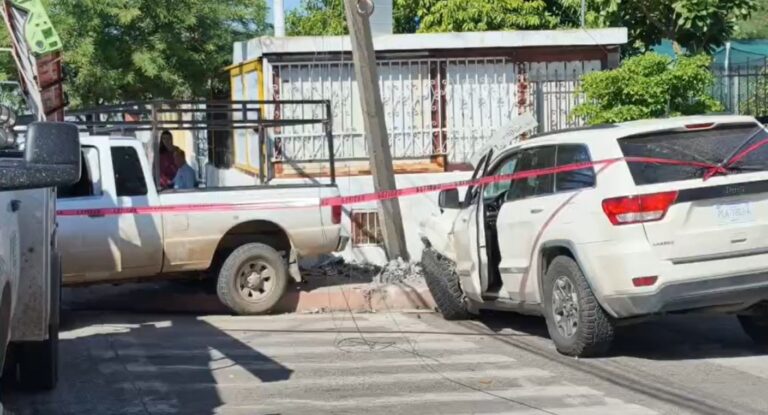 Choque entre pick up y camioneta deja un lesionado y daños en colonia Adolfo de la Huerta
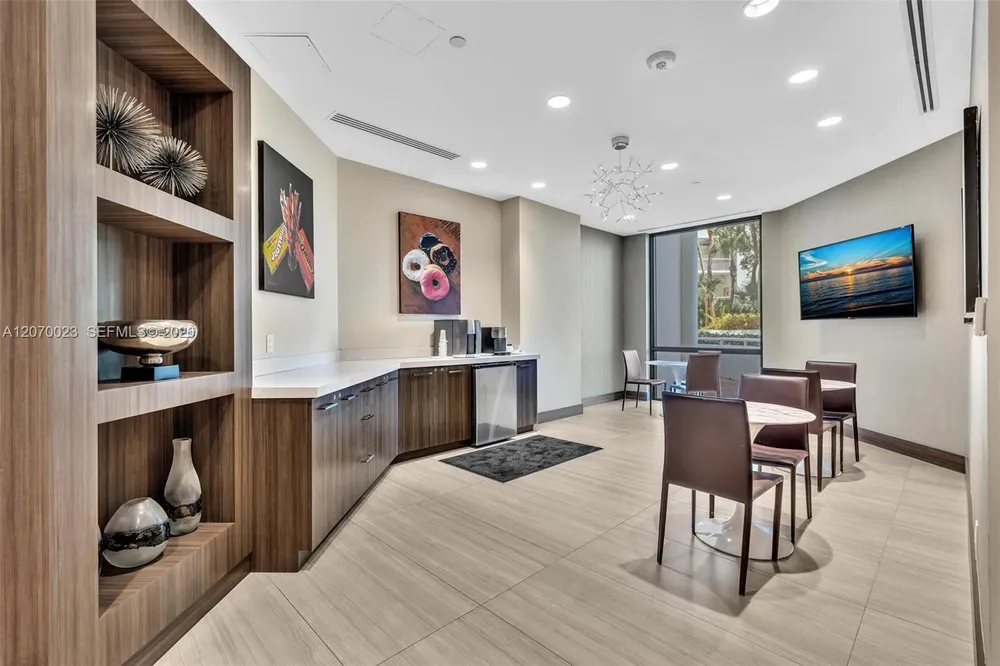 3000 Island Blvd, Aventura, FL 33160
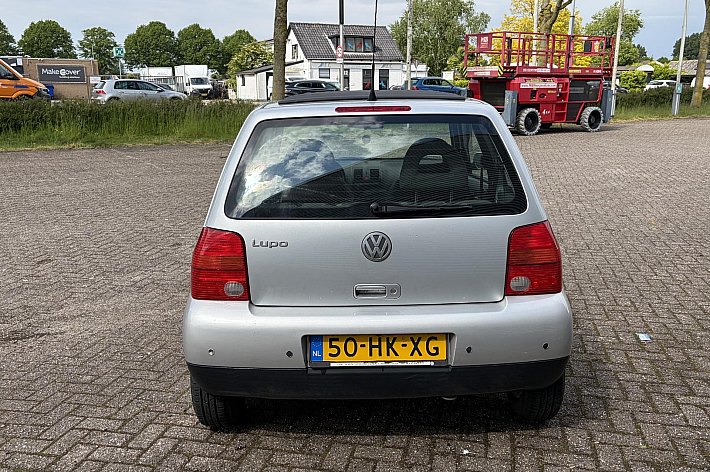Volkswagen Lupo 1.4 Comfortline LEUKE GOEDKOPE LUPO, PARKEERSENSOREN, VOOR HANDIGE HARRIE, DAK WERKT NIET (WEL DICHT), SCHAKELAAR ELECTRISCHE RAMEN, RUITENWISSER GAAT SPONTAAN AAN.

[EXERCISE GOAL]
Everything in the data except the pictures must appear in your answer unchanged.

[ANSWER BOX]
 Choque entre pick up y camioneta deja un lesionado y daños en colonia Adolfo de la Huerta
 3000 Island Blvd, Aventura, FL 33160
Volkswagen Lupo 1.4 Comfortline LEUKE GOEDKOPE LUPO, PARKEERSENSOREN, VOOR HANDIGE HARRIE, DAK WERKT NIET (WEL DICHT), SCHAKELAAR ELECTRISCHE RAMEN, RUITENWISSER GAAT SPONTAAN AAN.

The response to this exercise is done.